Mentre lavorava al Carme un complesso di fatti, e soprattutto l’amore per la Bignami, lo costringe a partire da Bellosguardo per Milano il 24 luglio. Un mese dopo, ai primi di settembre, se ne allontana per andare a fare una rapida visita ai suoi familiari a Venezia; riparte per Firenze dove resta un paio di mesi per tornare a Milano. Si reca a casa Bignami, ma una grave malattia colpisce il maggiore dei suoi figli: ma una volta guarito il bambino si acuisce la gelosia del marito nei confronnti di Foscolo che è così costretto a spezzare in pratica il rapporto con la donna.

Ma forse il ritorno a Milano non era stato causato tanto dall’amore per la Bignami, quanto da una nuova conoscenza amorosa che aveva il nome di Lucietta Battaglia, per la quale era funestamente impazzito, come scrive alla Quirina Magiotti.

Verso la fine del 1814 scrive alla Magiotti che ha ormai quasi terminato il Carme alle Grazie, ma non finito: ma il destino stava per portare definitivamente il poeta fuori dall’Italia. Costretto dalle nuove vicissitudini abbandona il Carme per non porvi più mano, pur ripensandoci qualche volta, come è dimostrato in due lettere del 1818 (alla Magiotti e a Silvio Pellico).

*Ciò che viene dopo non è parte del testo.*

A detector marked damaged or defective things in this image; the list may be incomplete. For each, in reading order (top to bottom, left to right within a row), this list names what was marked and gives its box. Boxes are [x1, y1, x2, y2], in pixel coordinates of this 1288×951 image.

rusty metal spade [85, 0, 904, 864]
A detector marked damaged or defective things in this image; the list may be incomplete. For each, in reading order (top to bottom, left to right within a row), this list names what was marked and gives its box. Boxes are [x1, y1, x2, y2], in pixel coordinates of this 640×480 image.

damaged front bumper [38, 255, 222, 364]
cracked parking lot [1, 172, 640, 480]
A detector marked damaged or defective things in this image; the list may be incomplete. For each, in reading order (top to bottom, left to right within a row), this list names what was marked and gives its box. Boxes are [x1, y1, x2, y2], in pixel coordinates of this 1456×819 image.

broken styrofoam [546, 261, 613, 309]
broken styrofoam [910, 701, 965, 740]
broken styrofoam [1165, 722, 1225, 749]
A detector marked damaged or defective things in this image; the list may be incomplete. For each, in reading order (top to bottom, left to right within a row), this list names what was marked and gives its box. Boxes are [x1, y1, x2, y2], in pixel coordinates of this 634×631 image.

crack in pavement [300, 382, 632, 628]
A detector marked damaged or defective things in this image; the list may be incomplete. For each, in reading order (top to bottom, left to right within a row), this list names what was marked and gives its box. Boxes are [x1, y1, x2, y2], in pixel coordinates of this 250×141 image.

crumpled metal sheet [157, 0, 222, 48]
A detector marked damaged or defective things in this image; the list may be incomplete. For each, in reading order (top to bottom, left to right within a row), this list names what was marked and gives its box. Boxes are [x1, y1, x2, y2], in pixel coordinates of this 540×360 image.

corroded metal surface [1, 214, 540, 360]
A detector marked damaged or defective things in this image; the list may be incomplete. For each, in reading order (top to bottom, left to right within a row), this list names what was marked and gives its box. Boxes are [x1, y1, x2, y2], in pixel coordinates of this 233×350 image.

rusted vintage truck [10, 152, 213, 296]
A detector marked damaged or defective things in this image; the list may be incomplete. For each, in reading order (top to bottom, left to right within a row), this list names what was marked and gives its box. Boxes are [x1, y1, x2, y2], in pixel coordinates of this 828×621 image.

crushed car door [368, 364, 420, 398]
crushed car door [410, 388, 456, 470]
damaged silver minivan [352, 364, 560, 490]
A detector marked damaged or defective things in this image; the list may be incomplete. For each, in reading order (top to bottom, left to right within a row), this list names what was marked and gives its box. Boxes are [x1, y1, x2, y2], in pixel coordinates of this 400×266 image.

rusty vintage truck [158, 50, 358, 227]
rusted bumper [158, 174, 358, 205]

In edizione HTML presentiamo le tre più importanti edizioni del Carme:

a) l’edizione Chiarini, del 1904, sicuramente la più importante sul piano critico, l’unica pubblicazione che cerca di mettere insieme i frammenti seguendo il Sommario terzo senza violentare la volontà del poeta con aggiunte arbitrarie o altro e proponendo ai lettori tutti i frammenti dei tre Inni per un totale di circa cinquemila versi;

b) l’edizione Ferrari, che parte dall’edizione Chiarini, ricalcandola e togliendo quelle parti che non corrispondono alla volontà del poeta;

c) l’edizione Orlandini del 1848, che il critico fece servendosi anche dei suggerimenti della Magiotti (la Donna gentile): Orlandini presentò il Carme in tre Inni

 

Nella Dissertazione, scritta in inglese nel 1822 e che noi offriamo integralmente in edizione HTML e in italiano, critici più recenti hanno individuato un ulteriore sommario, o meglio un racconto del carme, non diviso rigidamente in tre inni, presentato come i resti di un antico inno greco:

"I frammenti di quest'inno greco sono per verità curiosissimi e di grande importanza, conservando tradizioni che ci erano sconosciute fin qui, intorno alla mistica mitologia delle Grazie. Noi li produrremo qui in una versione italiana, dando loro talvolta forma di parafrasi, e traducendoli talvolta letteralmente.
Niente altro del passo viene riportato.